The First and Last of Her Kind

The legal academy has grown dismissive of Justice O’Connor, but the Supreme Court is not a law school faculty workshop. She saw herself as a problem-solver.
Book
Evan Thomas
2020

It’s tempting to view her as a late-twentieth-century everywoman who showed up as ideological lines were hardening and the search for absolutes, in politics and law, was fast becoming the order of the day. The rise of the Christian right had disturbed her back in Arizona politics, and she remained wary. Not for her the formulaic “originalism” of her sharp-tongued colleague Antonin Scalia, who joined the Court in 1986. The well-known charms of the Court’s leading liberal, William Brennan, eluded her from the start. “It will be years before I learn all the habits and customs of this unusual place,” she wrote in her journal in a rare display of insecurity toward the end of her first year on the Court.
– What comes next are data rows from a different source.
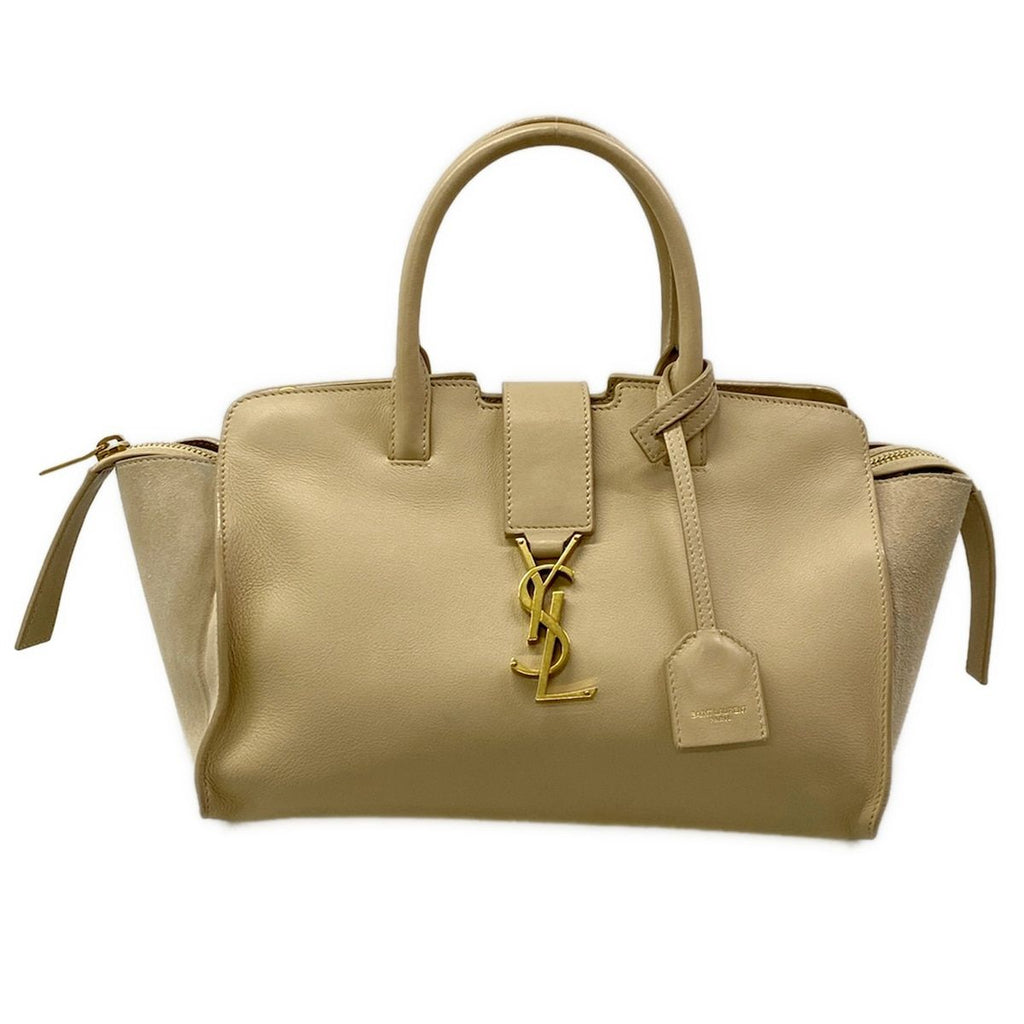 Saint Laurent Paris Handbag Baby Downtown Cabas Beige Leather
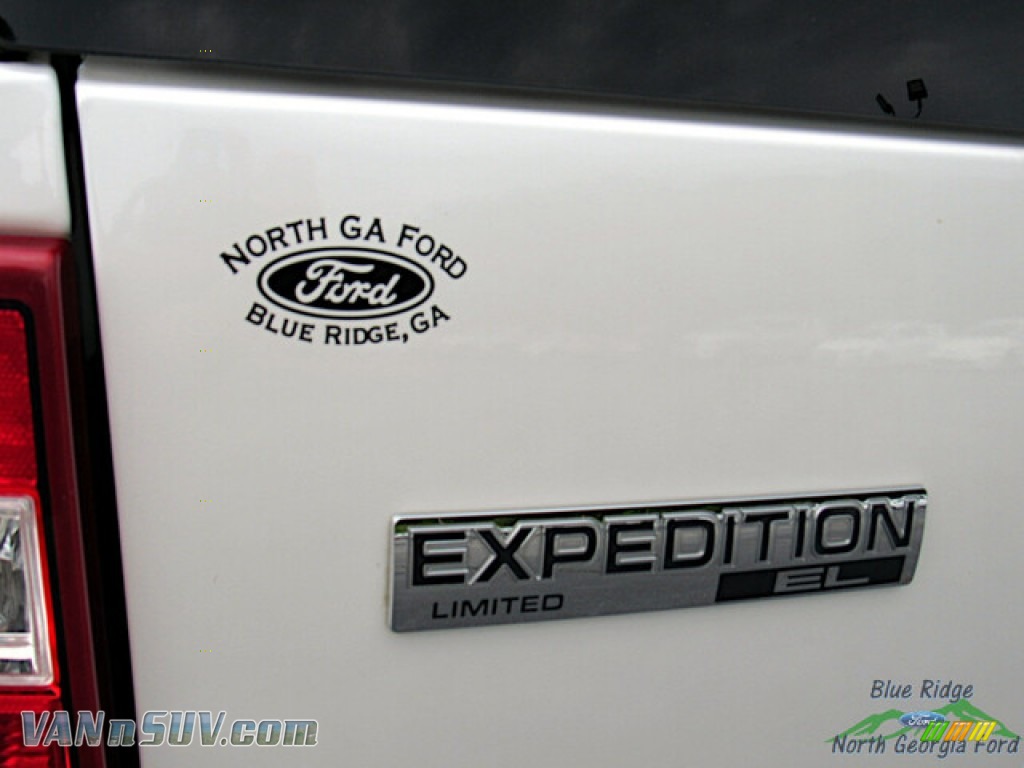 2012 Expedition EL Limited - White Platinum Tri-Coat / Stone photo #31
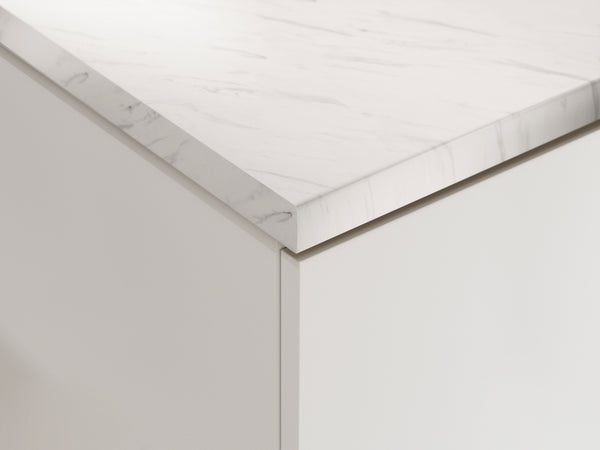 Küchen Arbeitsplatte 38 mm – Marmor Bianco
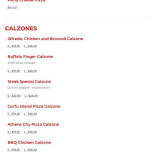 Metropolitan Menu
O’Connor joined the Court three years after the Bakke decision had left the future of affirmative action poised on a knife’s edge, permitting consideration of race but barring the use of racial quotas. The affirmative action cases in which O’Connor played an important part could fill an entire book. Early in her time on the Court, her attitude toward affirmative action veered between skepticism and hostility. It was a “bedeviling question” for her, Thomas observes, “partly because she occupied an ever lonelier no-man’s-land between the conservatives, who wanted to end affirmative action, and the liberals, who wanted to preserve it.” His account culminates with the 2003 University of Michigan Law School case, Grutter v. Bollinger, in which O’Connor’s opinion for a 5–4 majority preserved affirmative action in higher education for what she suggested should be twenty-five years—although it would hardly be a surprise now if the expiration date were to come sooner.

O’Connor knew from the beginning that she would be in the spotlight of this high-profile case. “This is going to come down to me,” she told one of her clerks. Thomas suggests that she was looking for a compromise; in a companion case, challenging Michigan’s more rigid approach to affirmative action in its undergraduate college—“with a whopping 20 points (out of 100 needed to gain admission) assigned purely for race”—she voted to invalidate it. That the “establishment elite” had lined up in support of the law school’s more “holistic” plan, arguing that major institutions needed to “look like America,” may have turned the tide for O’Connor, “who often mixed with corporate executives,” Thomas notes. “She didn’t like affirmative action,” Thomas quotes a conservative law clerk reflecting “ruefully” years later, “though she was the one to save it.”